Speaking on national television, Mr Ihor Zhovkva, a deputy head of the office of the president, said General Valery Zaluzhny’s assertion that the fight against Russia was deadlocked “eases the work of the aggressor”, adding that the comments stirred “panic” among Ukraine’s Western allies.

At the same time, Mr Zelensky disputed the general’s characterisation of the fighting.

“Time has passed, people are tired, regardless of their status, and this is understandable,” he said on Saturday. “But this is not a stalemate, I emphasise this once again.”

The public censure of Gen Zaluzhny came a day after the President’s Office replaced one of his deputies, the head of special operations forces, who after his firing said he had been blindsided by the dismissal. It was unclear whether Gen Zaluzhny, the overall commander of Ukraine’s forces, knew in advance of the planned dismissal.

The emerging fissure between the general and the President comes as Ukraine is struggling in its war effort.

Its military operations have failed to produce any advances, while scepticism about Ukraine aid has increased in some European capitals and among members of the Republican Party in the United States.

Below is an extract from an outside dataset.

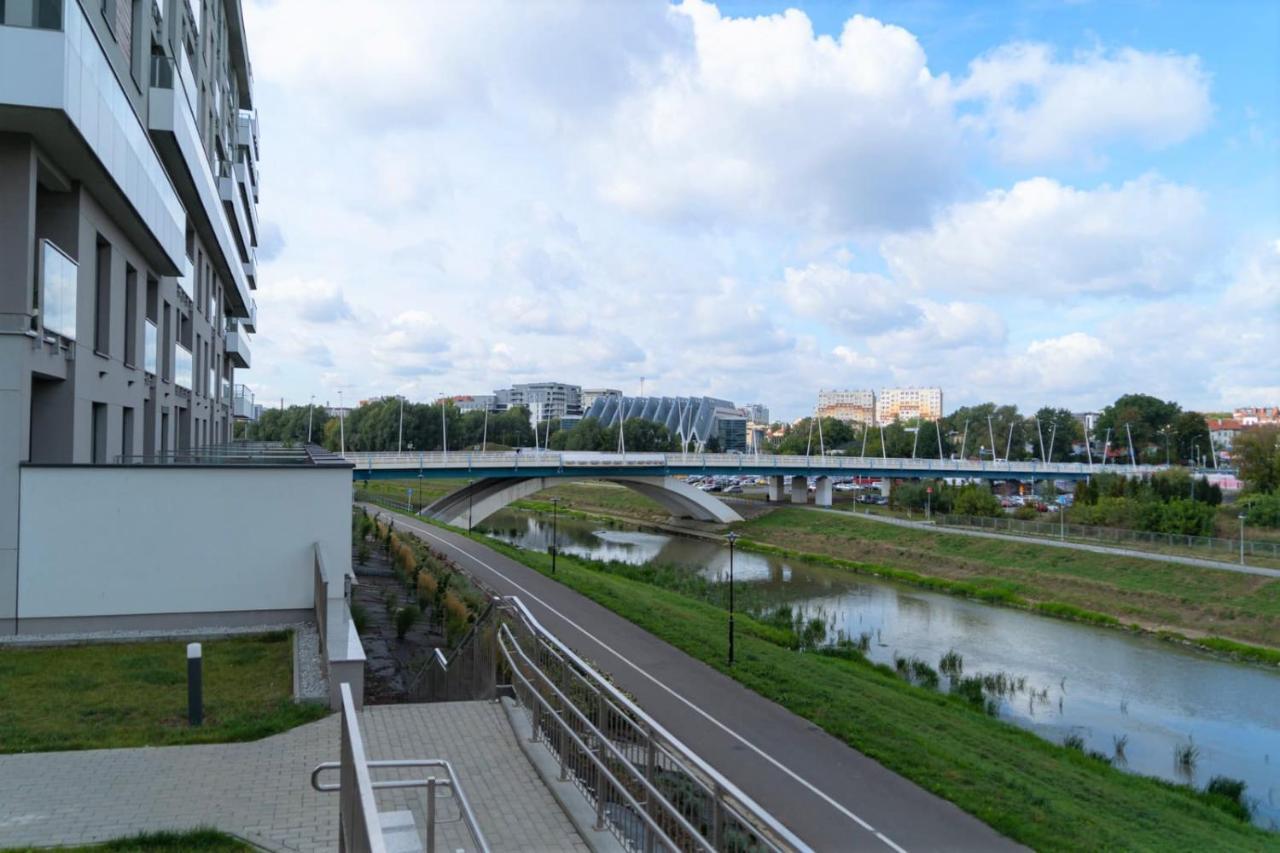 Capital Towers - Apartament Green Z Widokiem Na Rzeke Rzeszów Εξωτερικό φωτογραφία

Ukraine’s leadership is also worried that the attention of Western allies has shifted to the conflict between Israel and Hamas, and away from its war with Russia.

“The war in the Middle East, this conflict takes away the focus,” Mr Zelensky said on Saturday.

Speculation about tension between the President and the military’s commanding general had been swirling in Kyiv for more than a year, but had not spilled into public disagreement previously.

Gen Zaluzhny did not immediately comment on the government’s rebuke or the dismissal of his chief of special operations.

The cause of the breach was an essay the general published in The Economist, in which he asserted that drone reconnaissance and other technologies had rendered mechanised assaults by either side impossible. Further advances were improbable, he wrote, and Ukraine would not reach a “beautiful breakthrough” in the war without receiving more advanced weaponry.